YOUR OBJECTIVE = Word for word, please copy the line containing "不吃益生菌行不行呀(益生菌不可或缺？)" and all lines after it in the entries below, and only those, leaving every picture out.

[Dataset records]
..........

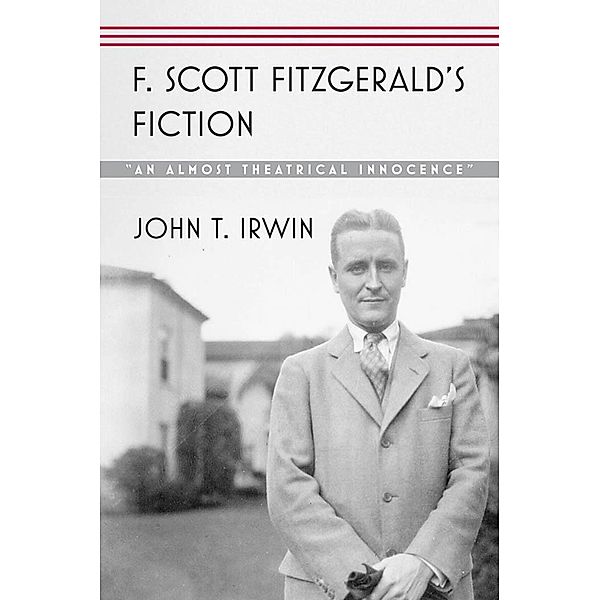 F. Scott Fitzgerald's Fiction, John T. Irwin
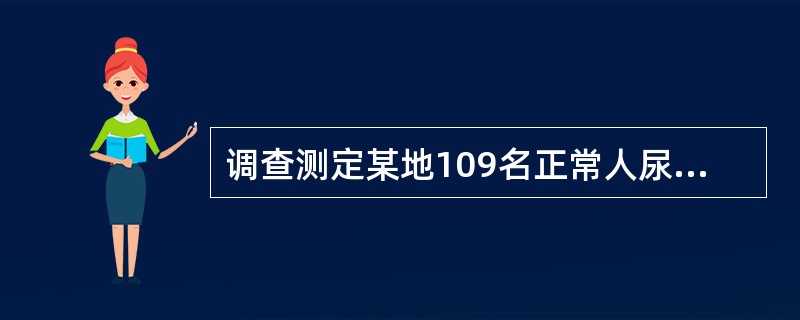 调查测定某地109名正常人尿铅含量（mg/L）如下若描述其集中趋势，应采用（）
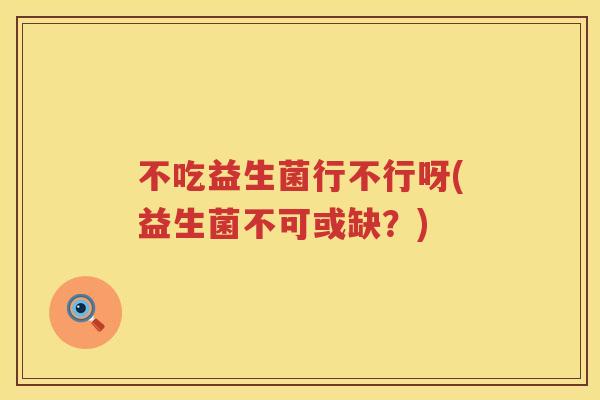 不吃益生菌行不行呀(益生菌不可或缺？)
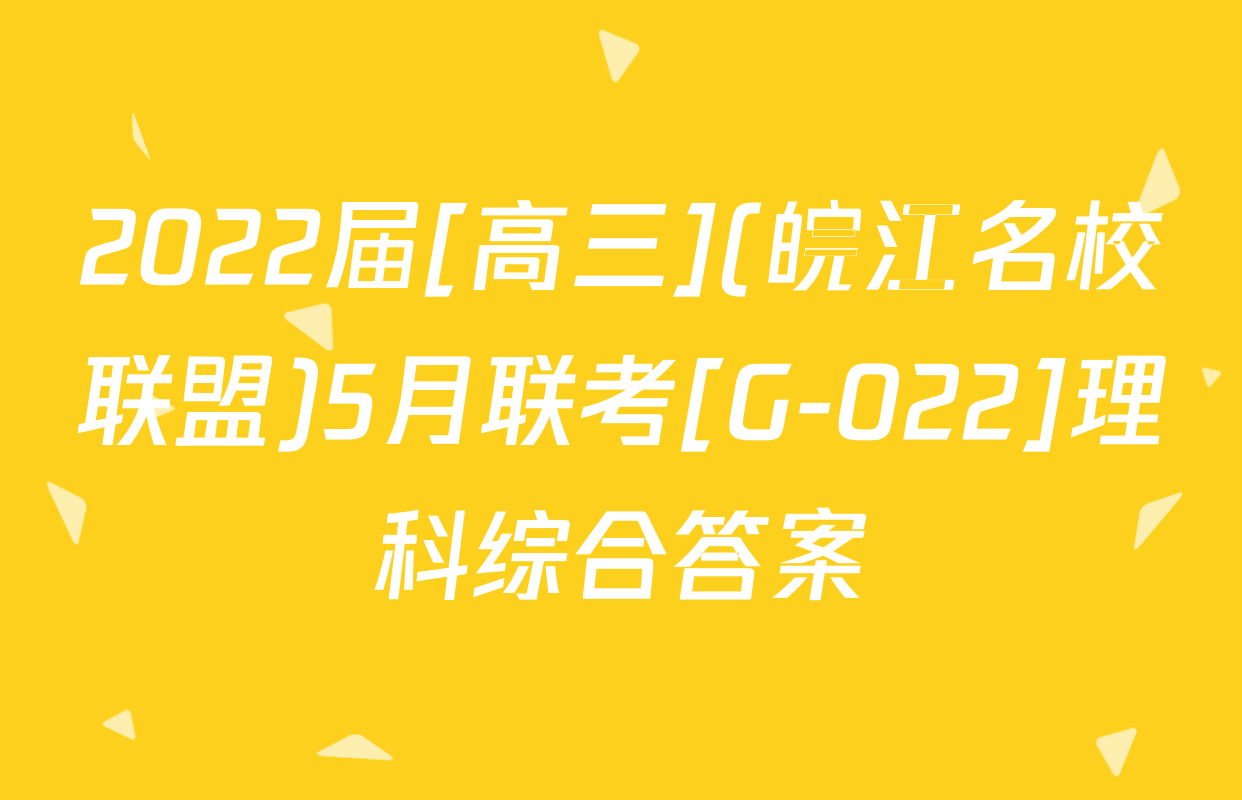 2022届[高三](皖江名校联盟)5月联考[G-022]理科综合答案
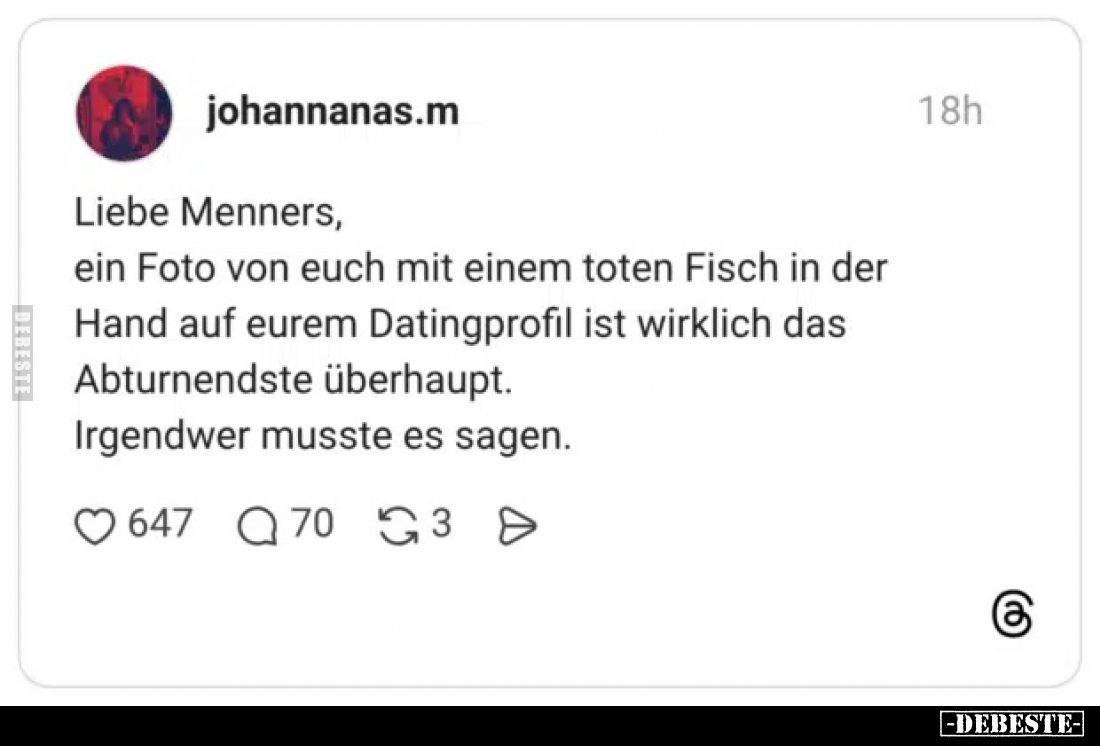 Liebe Menners, ein Foto von euch mit einem toten Fisch in der Hand auf eurem Datingprofil ist wirklich das Abturnendste überh...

..........

REPLY TO THE EXERCISE =
 不吃益生菌行不行呀(益生菌不可或缺？)
 2022届[高三](皖江名校联盟)5月联考[G-022]理科综合答案
 Liebe Menners, ein Foto von euch mit einem toten Fisch in der Hand auf eurem Datingprofil ist wirklich das Abturnendste überh...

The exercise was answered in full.